If $L_0 \subseteq  L_1$, we say that  $L_0$ is ``downward closed'' in $L_1$
iff:  For all $z\in
      L_0\setminus\{1\}$,  for all $x\in L_1$, if $x\le z $ then $x \in
      L_1$, i.e., if $L_0 \setminus \{1\}$ is downward closed in $L_1$
in the traditional sense. 
\end{Abuse of Notation}



\begin{Definition} Let $L_0$, $L_1$ be bounded lattices. 
\begin{enumerate}
\item $L_0 \le L_1$ means that $L_0$ is a \o0-sublattice of $L_1$
(i.e., $L_0  $ is a sublattice of $L_1 $ with the same maximal and
minimal element)
\item $L_0 \xx L_1 $ means that
 \begin{itemize}
	\itm a $L_0 \le L_1 $
\itm b For every $x\in L_1$ the set $\{z\in L_0: z \le_{L_1} x\}$ has greatest
      element (the ``projection'' of $x$ to $L_0$, written
 $\pi^{L_1}_{L_0}(x)$ or $\pi^1_0(x)$) 
\itm c  $L_0$ is downward closed in $L_1$
 \end{itemize}
\item $L_0 \xx^\dd L_1$ is the dual notion, i.e.,  $L_0^\dd \xx L_1^\dd$.
\end{enumerate}
\end{Definition}



\section{Basic facts}

In this section we collect a few easy facts for later reference.  
We also quote a theorem on interpolation of monotone functions in lattices. 

\begin{Fact}\label{Fjoin}
  Assume $L_0 \xx L_1$, $L_0 \xx^\dd L_2$, $L_1\cap L_2 =
L_0 $.     Let $L= L_1 \cup L_2 $, and let $\le_L  $ be the transitive
closure of $(\le_1) \cup (\le_2) $.  Then
\begin{itemize}
\item $x \le_L y $ iff: $x \le_1 y  $ or $x \le_2 y $ or there exists a
$z\in L_0 $ with $x\le_2 z \le_1 y $. 
\item $(L, \le_L) $ is a lattice with 
$$ 
x \wedge_L y \ = \ 
\KNUTHcases{ x \wedge_1 y              & if $x,y\in L_1 $\cr
              x \wedge_2 y              & if $x,y\in L_2 $\cr
             \pi^1_0(x) \wedge_2 y    & if $x\in L_1 $, $y\in L_2 $\cr
}$$ and similarly for $\vee_L $. 
\end{itemize}
\end{Fact}
\begin{Fact}  If $L_1 \xx L_2 \xx L_3 $, then $L_1 \xx L_3 $.
\end{Fact}

\begin{Fact}\label{equal}
  $L_1$ and $L_2$ are complete lattices,  $L_1 \le L_2$, 
and $A \subseteq L_1$, then $\sup_{L_1} A \ge \sup_{L_2} A$.  

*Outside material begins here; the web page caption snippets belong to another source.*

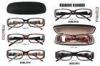 Lightweight Colour Bifocal Men Reading Glasses 2.00 / 2.50 With Black Case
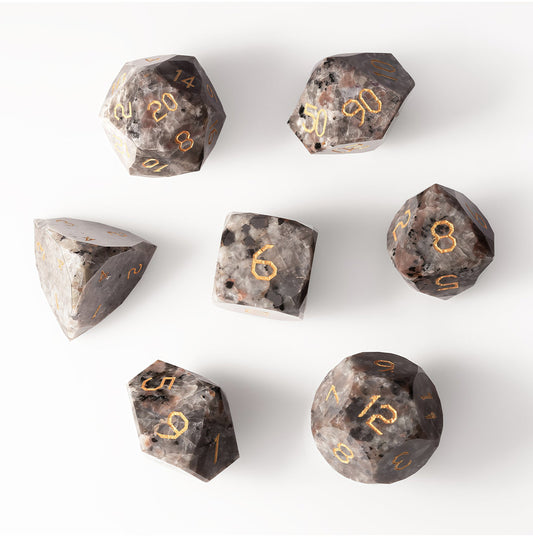 Jeu de 7 dés Firestone à facettes diamantées 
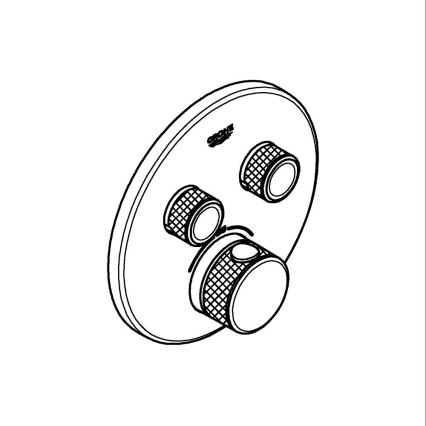 GROHE 29119AL0 - GROHTHERM SMARTCONTROL termostat, grafit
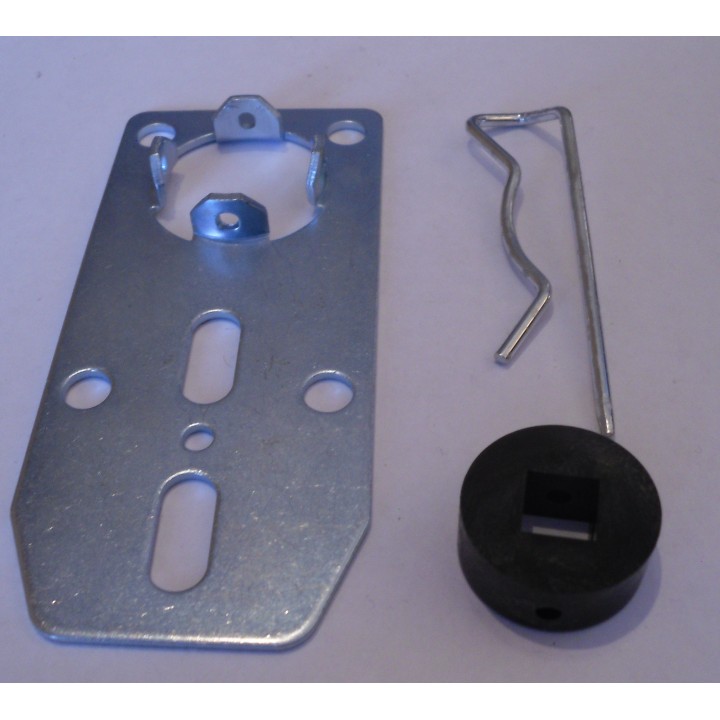 Motorlager Universal spez. für Rohrmotoren mit 10mm Vierkant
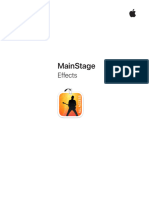 Mainstage Effects User Guide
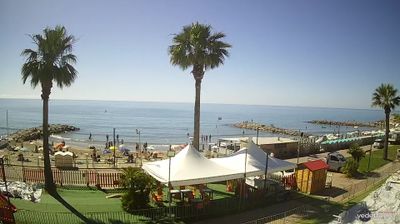 immagine della webcam nei dintorni di Leca: webcam Marina Di Andora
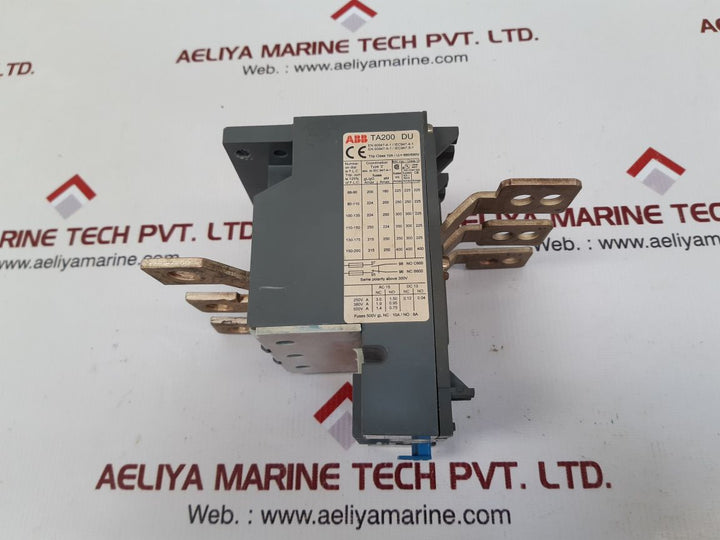 Abb ta200 du thermal overload relay
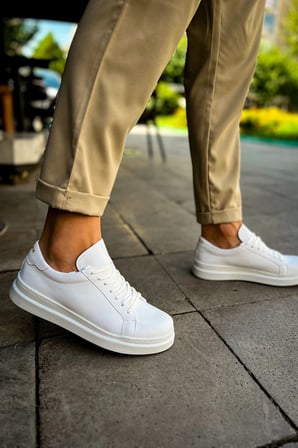 MN979 - Santoni CRT Spor Erkek Ayakkabı BEYAZ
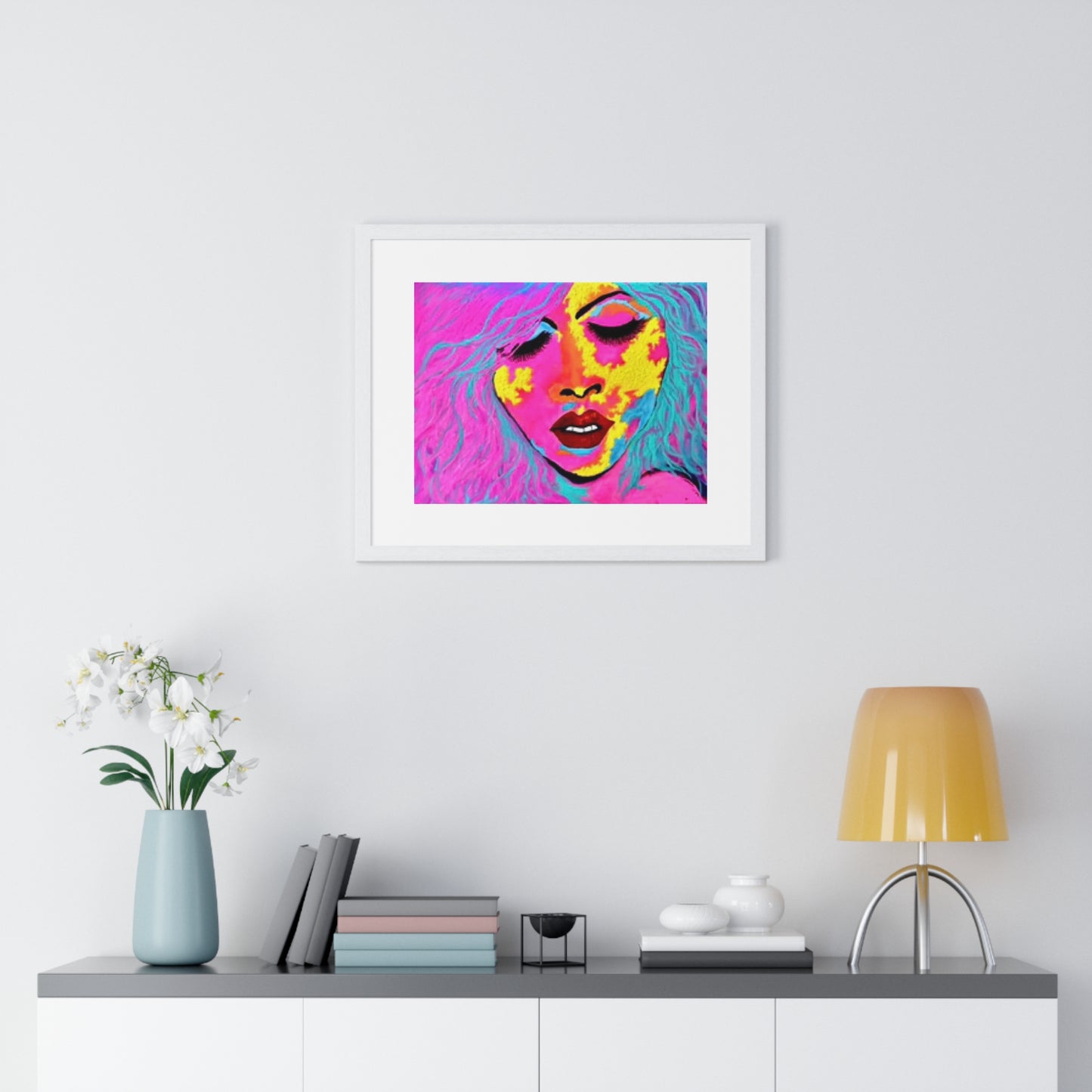 Ecstasy, Psychedelic Art 'Designed by AI' Framed Print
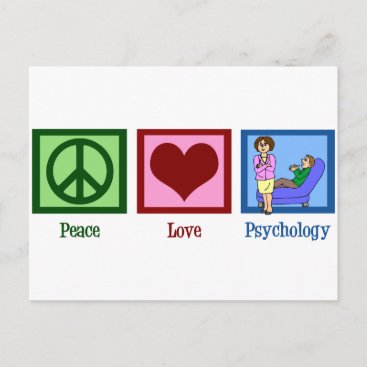 Peace Love Psychology Postcard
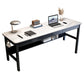 Rectangular Shaped Stone Office Desk 4 Legs Writing Desk for Home Black Clearhalo 'furn' 'furn_office_desk' 'Furniture' 'Office Desks' 'Office Furniture' 'office_desk' 7192985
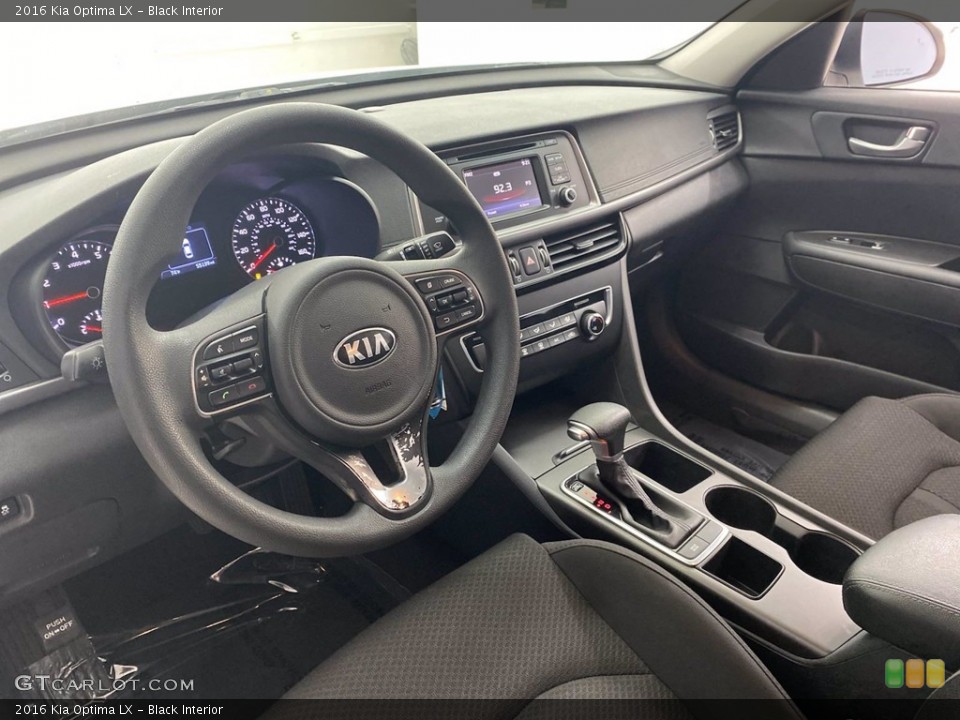 Black Interior Photo for the 2016 Kia Optima LX #142243075
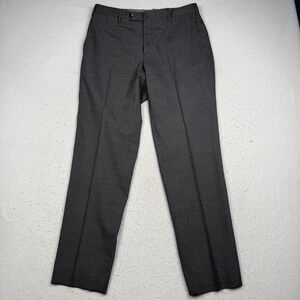PT01 Pantalone Torino Dress Pants Mens 33x31 Gray Wool Stretch Easy Fit Business
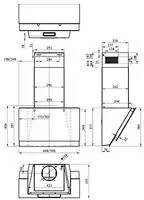 GORENJE Kopffreihaube "WHI649EXBG" max. Luftleistung 770m&sup3;/h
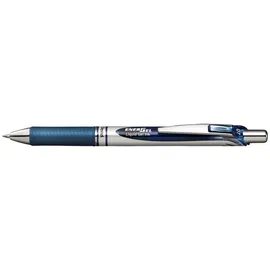 Pentel EnerGel BL77 Gelschreiber schwarz-blau/silber 0,35 mm, Schreibfarbe: blau,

However, if $L_1$ is convex in $L_2$ and $\sup_{L_1} A < 1$,  then 
 $\sup_{L_1} A  =  \sup_{L_2} A$.  
\end{Fact}

\begin{Fact}\label{Flimit}
 Let $(I,\le) $ be a linearly ordered set, and assume that
$(L_i:i\in I) $ is a family of complete lattices such that: 
\begin{itemize}
\item for all  $i<j$, then  $L_i$ is a  $\{0,1\}$-sublattice 
of $L_j$ 
\item for all $i<j$:   $L_i$ is convex in $L_j$. 
\end{itemize}
Then $L:= \bigcup_i L_i  $ is a complete lattice, and $L_i$ is a
convex $\{0,1\}$-sublattice of $   L  $  
for all $  i \in I $. 

\end{Fact}



\begin{proof}

  It is clear that $L $ is a lattice and that 
 $L_i $ is convex in $L$. 
%   $ (we have $\pi^{L}_{L_i}(x) = \pi^{L_j}_{L_i}(x) $
% whenever $i \le j $ and $x\in L_j $). 


We now check that $L$ is complete.  Let $A \subseteq L$.   We will
show that $\sup_L A$ exists. Wlog we may assume that
$A\not=\emptyset$, $1\notin A$, $0 \notin A$.   Let $a_0\in A$. 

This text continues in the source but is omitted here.